__ASSIGNED TASK__
Would you please transcribe, exactly as written, the lines of the entries below starting at the one that holds "Townhouse 4 Bedrooms | 5 Min to Disney!" and ending at the one that holds "Zacisk D4/6 LNTP 380V", both included?

__STUDY MATERIAL__
◆ ◆ ◆ ◆ ◆ ◆ ◆

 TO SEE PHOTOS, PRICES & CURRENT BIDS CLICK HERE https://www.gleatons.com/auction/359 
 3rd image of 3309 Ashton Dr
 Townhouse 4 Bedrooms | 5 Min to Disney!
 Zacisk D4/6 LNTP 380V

◆ ◆ ◆ ◆ ◆ ◆ ◆

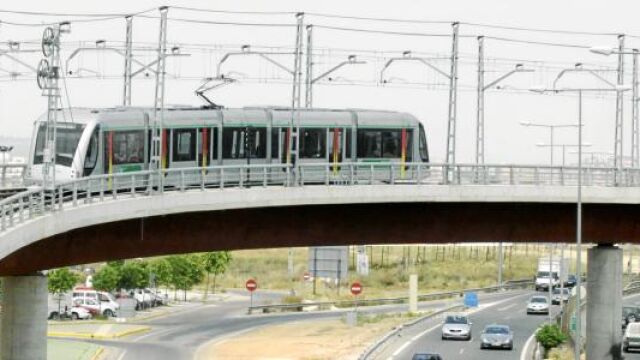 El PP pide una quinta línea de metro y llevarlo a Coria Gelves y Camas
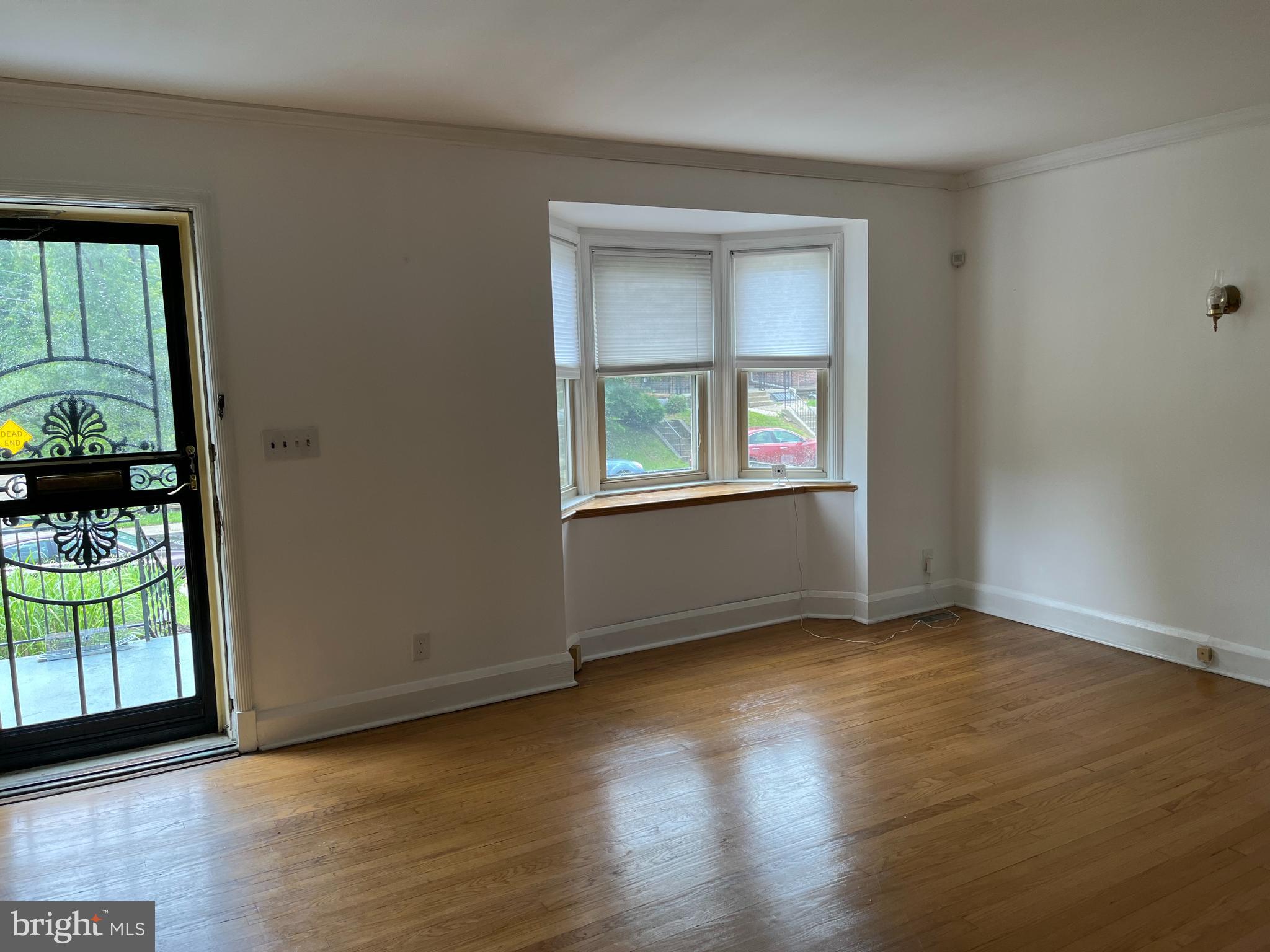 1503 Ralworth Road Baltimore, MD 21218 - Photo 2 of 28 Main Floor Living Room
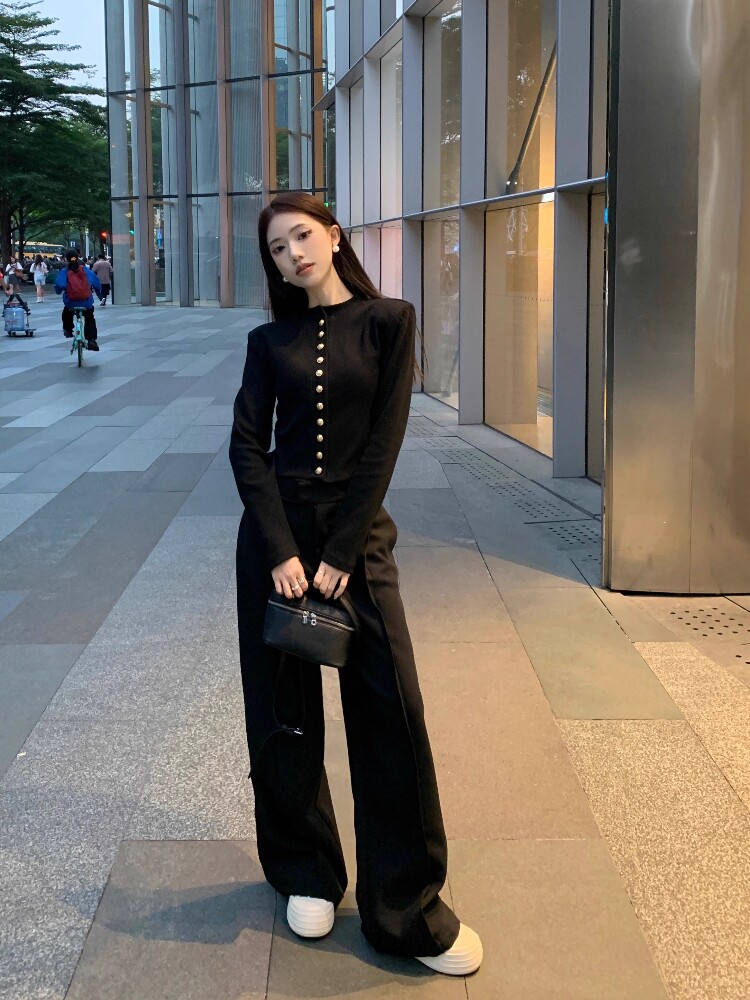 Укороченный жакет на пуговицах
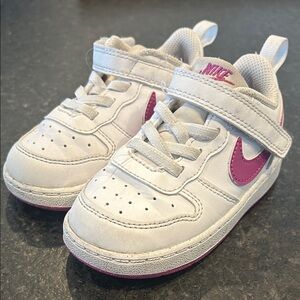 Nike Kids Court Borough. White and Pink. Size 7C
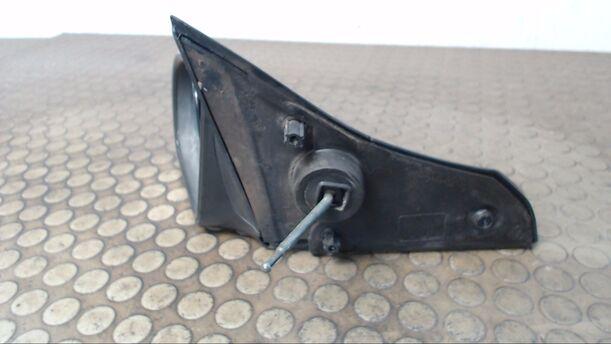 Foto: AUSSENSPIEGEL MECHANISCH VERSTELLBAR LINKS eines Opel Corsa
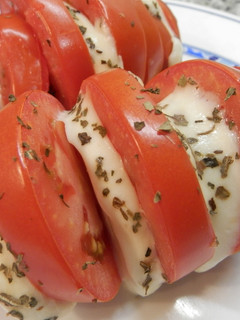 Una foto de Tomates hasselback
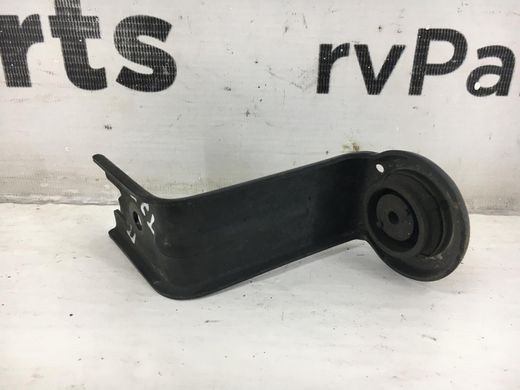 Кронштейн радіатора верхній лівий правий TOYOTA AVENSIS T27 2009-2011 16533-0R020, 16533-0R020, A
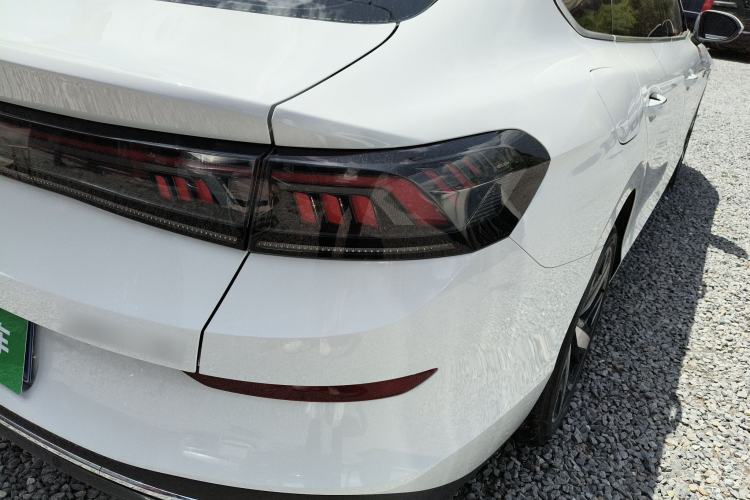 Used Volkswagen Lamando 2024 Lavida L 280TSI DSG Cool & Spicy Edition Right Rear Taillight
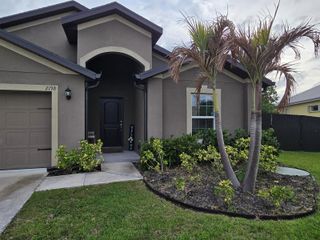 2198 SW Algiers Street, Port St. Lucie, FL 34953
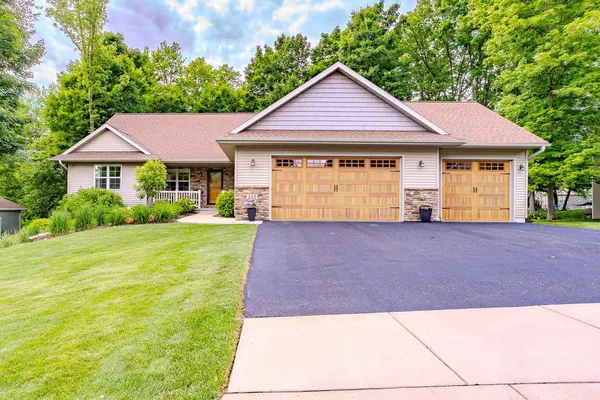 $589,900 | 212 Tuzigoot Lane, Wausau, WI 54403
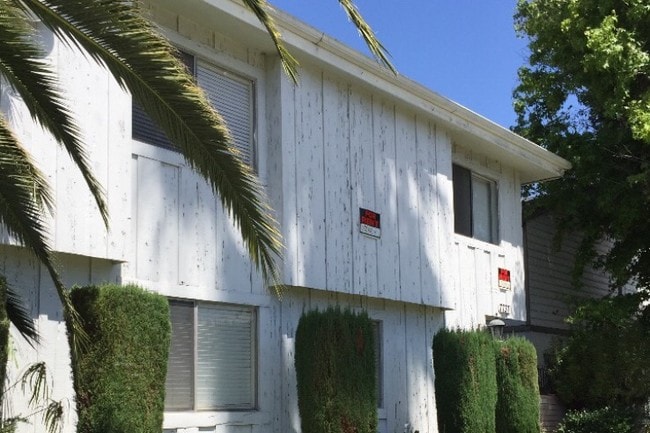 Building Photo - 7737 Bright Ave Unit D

◆ ◆ ◆ ◆ ◆ ◆ ◆

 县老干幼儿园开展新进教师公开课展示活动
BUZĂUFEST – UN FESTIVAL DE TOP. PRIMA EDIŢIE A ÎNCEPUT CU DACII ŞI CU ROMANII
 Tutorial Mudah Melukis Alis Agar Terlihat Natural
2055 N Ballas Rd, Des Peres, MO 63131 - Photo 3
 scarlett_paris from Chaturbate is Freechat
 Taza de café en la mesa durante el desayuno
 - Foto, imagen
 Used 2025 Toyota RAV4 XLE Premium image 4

◆ ◆ ◆ ◆ ◆ ◆ ◆

__TASK RESPONSE__
 Townhouse 4 Bedrooms | 5 Min to Disney!
 Zacisk D4/6 LNTP 380V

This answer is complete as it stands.